The Australian Total Diet Study (ATDS) estimates Australian consumers' dietary exposure to a range of chemicals.

In our 25th ATDS, we tested foods for 226 agricultural and veterinary chemicals and four metal contaminants; arsenic (including inorganic arsenic), cadmium, lead and mercury (including inorganic and methylmercury).

In total, 88 common food types including beverages were sampled over two seasons—autumn (May 2013) and summer (February 2014). A total of 1524 individual food samples were collected from all Australian states and territories and combined into 508 composite samples for analysis.

Agricultural and veterinary chemicals

We tested for 226 agricultural and veterinary chemicals.

The levels of agricultural and veterinary chemicals were generally very low. Estimated dietary exposures were below the relevant acceptable daily intakes (ADIs) for all but one agricultural and veterinary chemical.

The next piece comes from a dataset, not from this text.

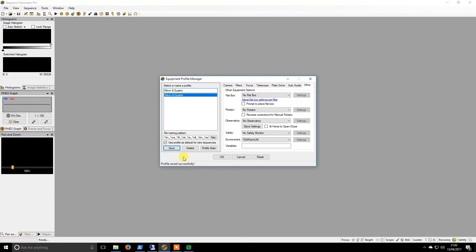I will show a video at a later stage of how to create a sequence using the framing and mosaic wizard, which is another fantastic feature.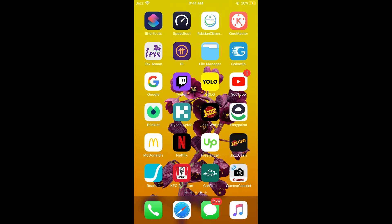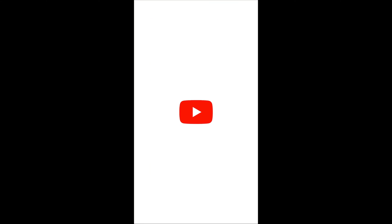First, make sure that you are connected to the internet. And once connected with the internet, simply go and open up your YouTube app.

Estimated dietary exposures to the organophosphorus insecticide prothiofos exceeded the ADI for some population groups. FSANZ notified the Australian Pesticides and Veterinary Medicines Authority (APVMA), the Australian government regulator of agricultural and veterinary chemicals. The APVMA subsequently worked with industry who voluntarily changed the way prothiofos is used to ensure that risks for Australian consumers are acceptably low.

Metal contaminants

FSANZ surveyed four metals: arsenic, cadmium, lead and mercury. These are naturally present in the environment and widely distributed through erosion, water and air including as a result of mining, industrial and some food processing activities. This means that some level of dietary exposure is largely unavoidable.

The Food Standards Code contains maximum levels for metals in certain foods that are major contributors to dietary exposure to ensure levels are kept safe and as low as reasonably achievable.

For metal contaminants, all detections were below the maximum levels set in the Food Standards Code and estimated dietary exposure is consistent with international levels.

 

What is an ADI?

An acceptable daily intake (ADI) is the amount of a substance that can be consumed daily over the course of a lifetime without adverse health effects.

Dietary exposure: is the estimated amount of exposure to substances through the diet.

Next steps:

FSANZ reports any results which exceed regulatory limits to relevant enforcement authorities. We have also reported the outcomes of the prothiofos risk assessment to the APVMA, who have managed the issue in consultation with industry.